La recesión económica y la caída en la coparticipación reconfiguran las finanzas de los gobernadores.
El escenario económico argentino comienza a reflejarse con claridad en las finanzas provinciales y, en consecuencia, en la forma en que los estados locales pagan los salarios. Aunque la mayoría de las jurisdicciones intenta sostener el esquema tradicional de “pago único”, en la práctica se multiplican los mecanismos alternativos: adelantos, desdoblamientos, cronogramas extendidos y pagos complementarios que fragmentan los ingresos de los trabajadores.
Uno de los casos más representativos es Tucumán, donde el gobierno consolidó un sistema mixto. Para los haberes de febrero —abonados en marzo— se depositó un 20% como adelanto a fines de mes, mientras que el 80% restante se acreditó entre el 4 y el 7 de marzo. El esquema, en los hechos, configura un pago escalonado.
En otras provincias, el ajuste se expresa a través de cronogramas segmentados. En Chaco y Formosa, los salarios se abonan en días diferenciados para activos y pasivos, mientras que en Corrientes el pago se organiza según la terminación del DNI, lo que implica una percepción escalonada de los ingresos a lo largo de varios días. Algo que en realidad se aplica en dicho distrito desde hace años, pero ahora cobra relevancia ante la escasez de fondos nacionales que llegan a los gobernadores.

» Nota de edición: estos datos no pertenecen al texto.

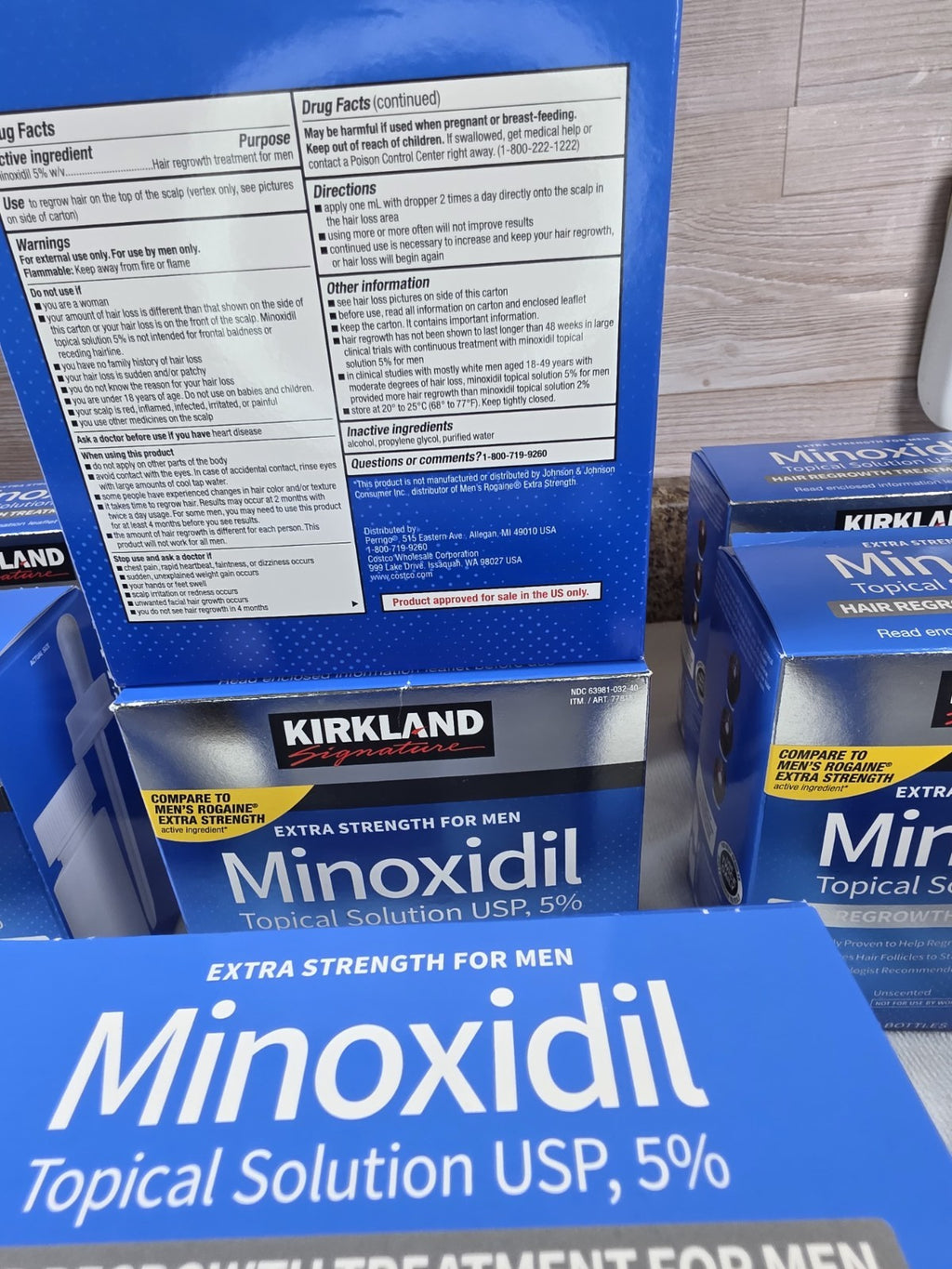 Kirkland Minoxidil 5% Hair Regrowth Treatment for Men Extra Strength( 2 Pack)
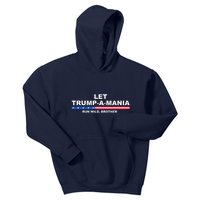 Let Trumpamania Run Wild Brother Pro Donald Trump Kids Hoodie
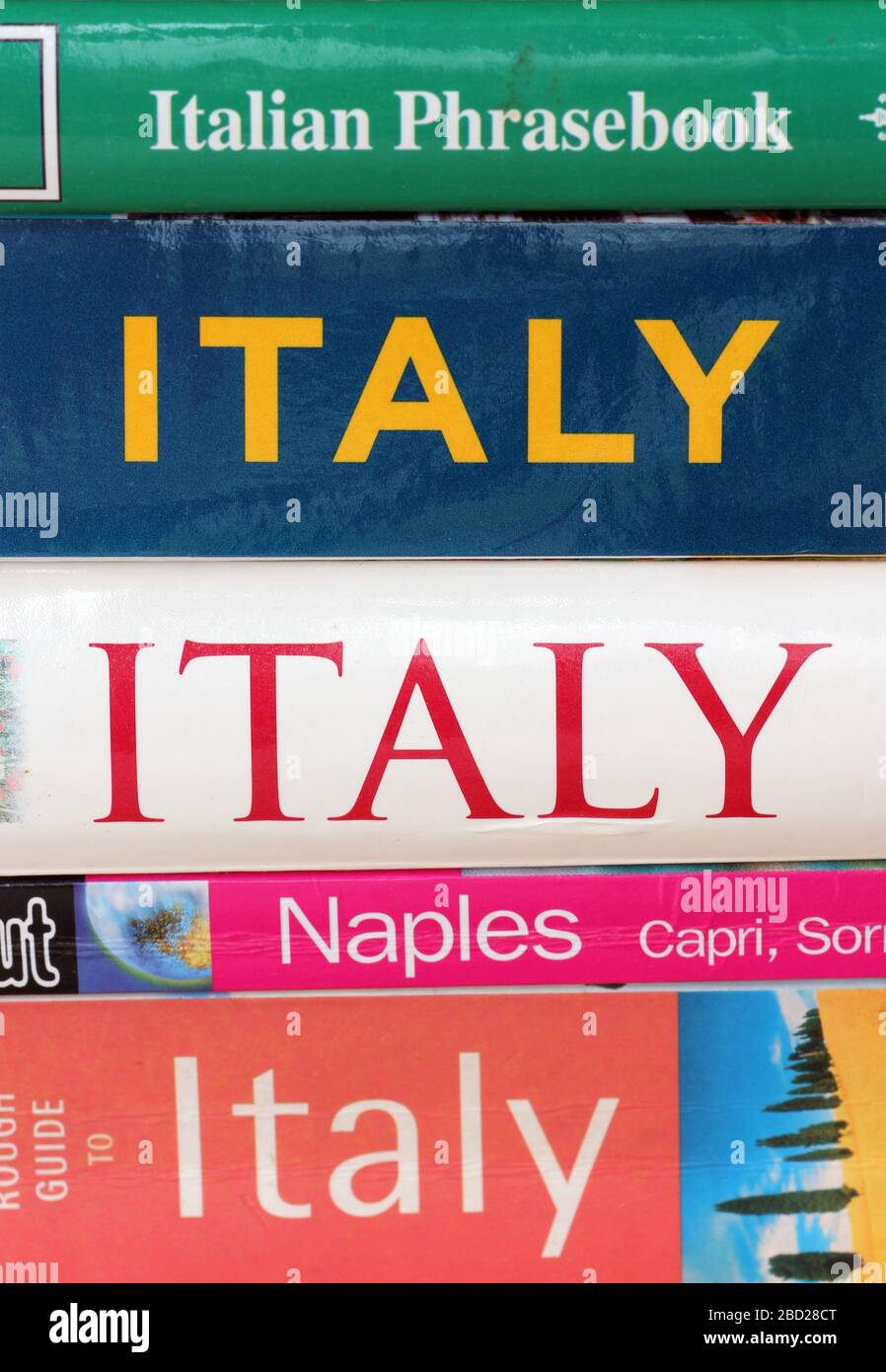 Italien Reiseführer Stockfoto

Esta semana también se supo, informado por el ministro de Hacienda de Misiones, que esa provincia ya evalúa pasar el pago a sus estatales, a los primeros días de cada mes. Entre el 1 y el 5, no los últimos, antes del 31 como es ahora.
Entre Ríos, por su parte, mantiene un esquema progresivo por tramos salariales: los haberes comienzan a acreditarse a fines de mes y se extienden durante los primeros días del siguiente, priorizando los ingresos más bajos. San Luis replica un sistema similar, con pagos escalonados según nivel salarial.
Córdoba también aplica un cronograma mensual extendido que incluye tanto a trabajadores activos como pasivos, con inicio habitual en jubilados y fuerzas de seguridad. El esquema, si bien ordenado, confirma la tendencia hacia pagos distribuidos en el tiempo.
El panorama general muestra un cambio estructural en la forma de afrontar los compromisos salariales. La pérdida de recursos, la dependencia de transferencias nacionales y la presión sobre las cuentas públicas obligan a las provincias a reconfigurar sus mecanismos de pago.
En este contexto, el salario deja de percibirse como un ingreso previsible y comienza a fragmentarse en distintas instancias.